## Exercise directions
The records that follow are to be transcribed in full, without their images.

## Records contained in a dataset
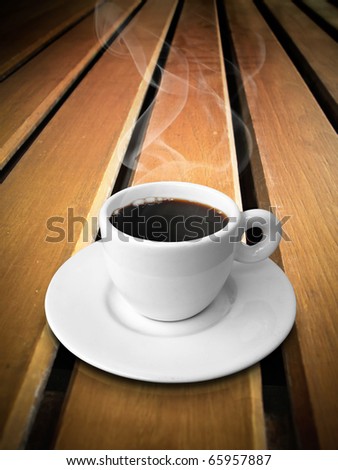 White ceramic of coffee on wood line table
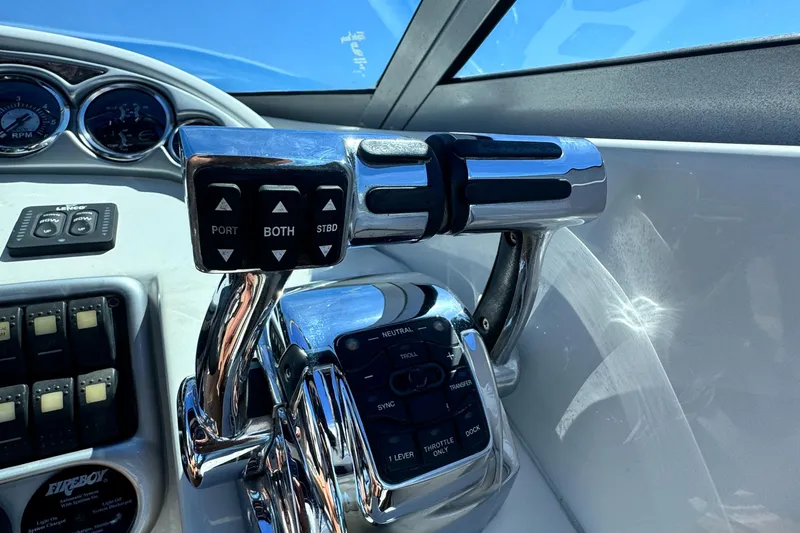 Slide: The Image of Close-up of 2008 Crownline 300 LS boat controls and dashboard. - 25
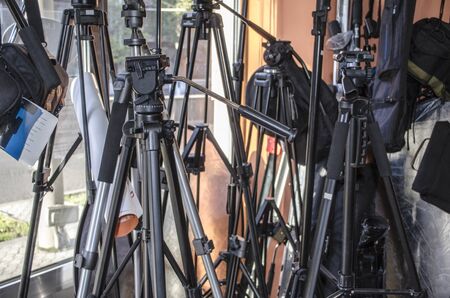 Different tripods for cameras and reflector by the windowの写真素材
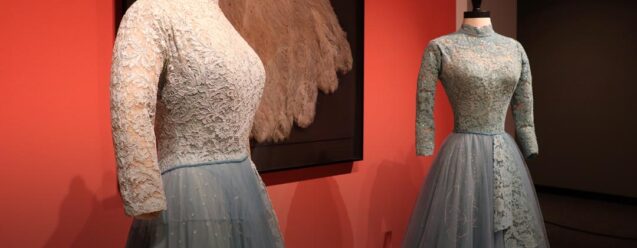 Two blue lace-and-tulle dresses displayed on mannequins beside a large feather fan.
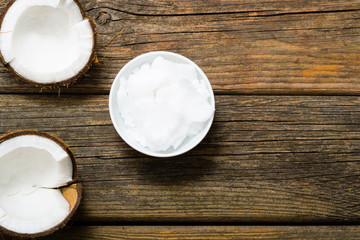 pile of rigid coconut oil on china dish and broken coconut shells, old wood table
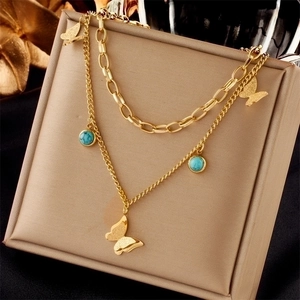 Double-layered gold titanium steel necklace with blue turquoise and butterfly pendant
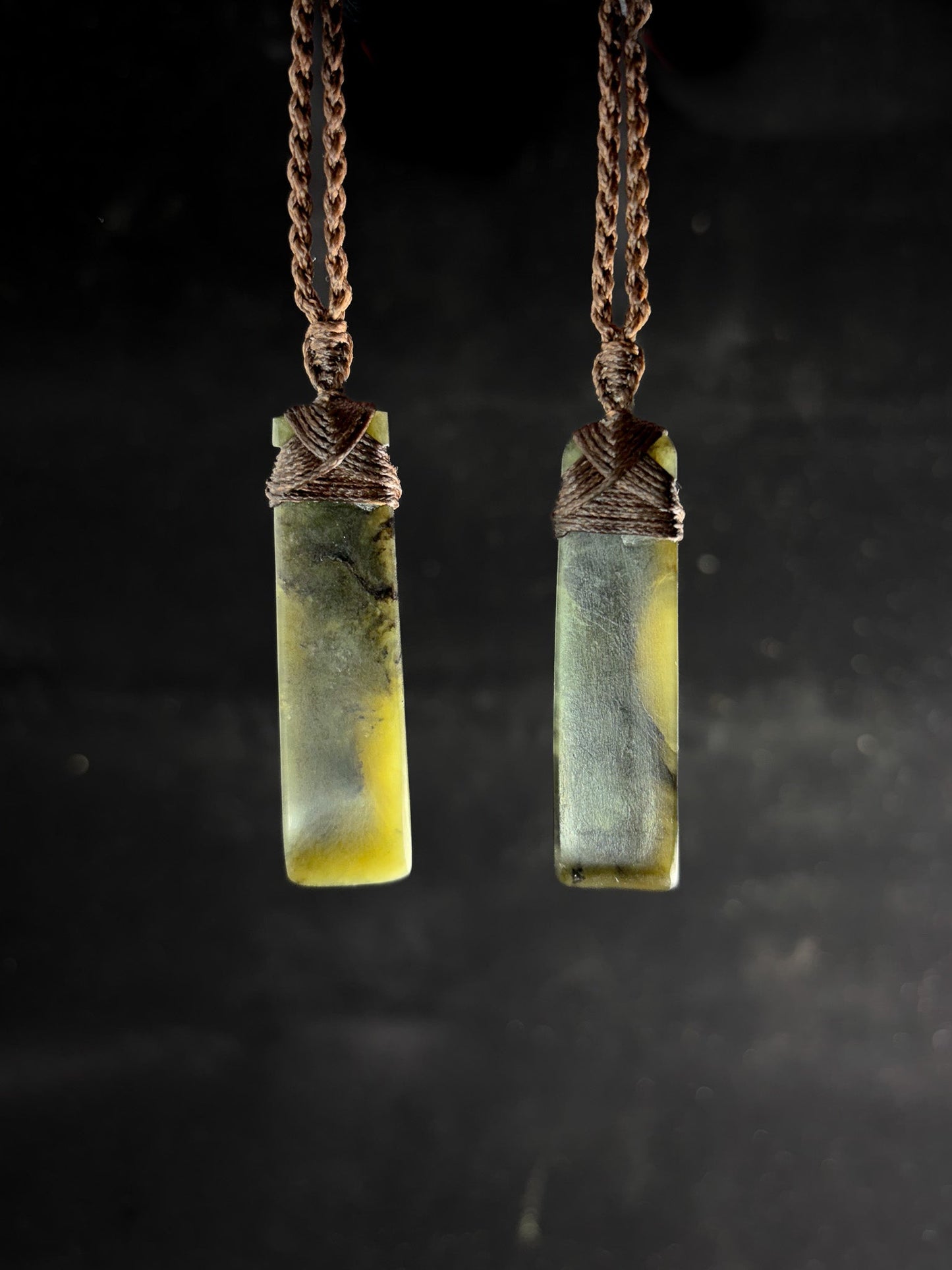 Pounamu Two Identical Hei Toki pendants on plain background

## Exercise result
 White ceramic of coffee on wood line table
 Slide: The Image of Close-up of 2008 Crownline 300 LS boat controls and dashboard. - 25
 Different tripods for cameras and reflector by the windowの写真素材
 Two blue lace-and-tulle dresses displayed on mannequins beside a large feather fan.
 pile of rigid coconut oil on china dish and broken coconut shells, old wood table
 Double-layered gold titanium steel necklace with blue turquoise and butterfly pendant
 Pounamu Two Identical Hei Toki pendants on plain background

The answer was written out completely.